When [Tony] Blair announced that 50 per cent of young people would be able to go to university, the first the civil servant in charge of higher education knew about it was when he heard it on the radio.... Things like that and the scheme to take drunken yobbos to cash points to pay on-the-spot fines were mainly dreamt up in the back of a car when Blair was on his way to a meeting or a TV studio. As quoted by Sue Cameron, 'Notebook', Financial Times, 1 July
What is particularly striking is how, at the highest level of national government, big decisions appear to be made on the basis of reactive, primal emotion. Rationality and the long-term interests of the people politicians are supposed to represent hardly figure at all.

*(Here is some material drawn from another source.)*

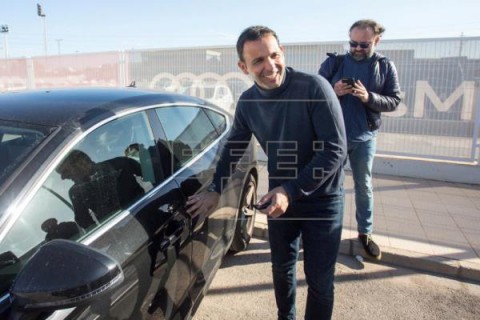 FÚTBOL VILLARREAL El Villarreal recupera a Calleja como entrenador cincuenta días después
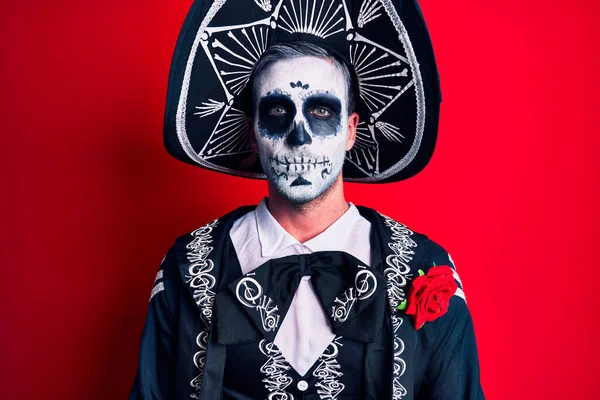 Mladík Oblečený Mexickém Dni Mrtvého Kostýmu Přes Červenou Uvolnil Vážným — Stock fotografie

…policies are often adopted on the basis of less careful analysis than their importance warrants, leaving wide room for mistakes and misperceptions. Forces of knowledge destruction are often stronger than those favoring knowledge creation. Hence states have an inherent tendency toward primitive thought, and the conduct of public affairs is often polluted by myth, misinformation, and flimsy analysis. Source (pdf)

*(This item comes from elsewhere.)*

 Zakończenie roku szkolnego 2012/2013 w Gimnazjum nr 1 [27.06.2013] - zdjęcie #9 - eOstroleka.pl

This type of thinking is particularly dangerous when military conflict looms. An article about Henry Kissinger's role in US foreign policy quotes him saying to US President George W Bush’s speechwriter, about radical Islamic opponents: ‘We need to humiliate them’. Comments like this abound in high politics. George W Bush himself cried ‘bring ‘em on’ at an early point in the invasion of Iraq. These are not examples of high-level thinking.

One of the benefits of a Social Policy Bond regime would be the clarification of social goals, and the transparency of the process that targets them. Goals would have to be articulated before targeting. It's unlikely that random emotional outbursts would crystallise into policy in such a policymaking environment, however eminent the people who make them.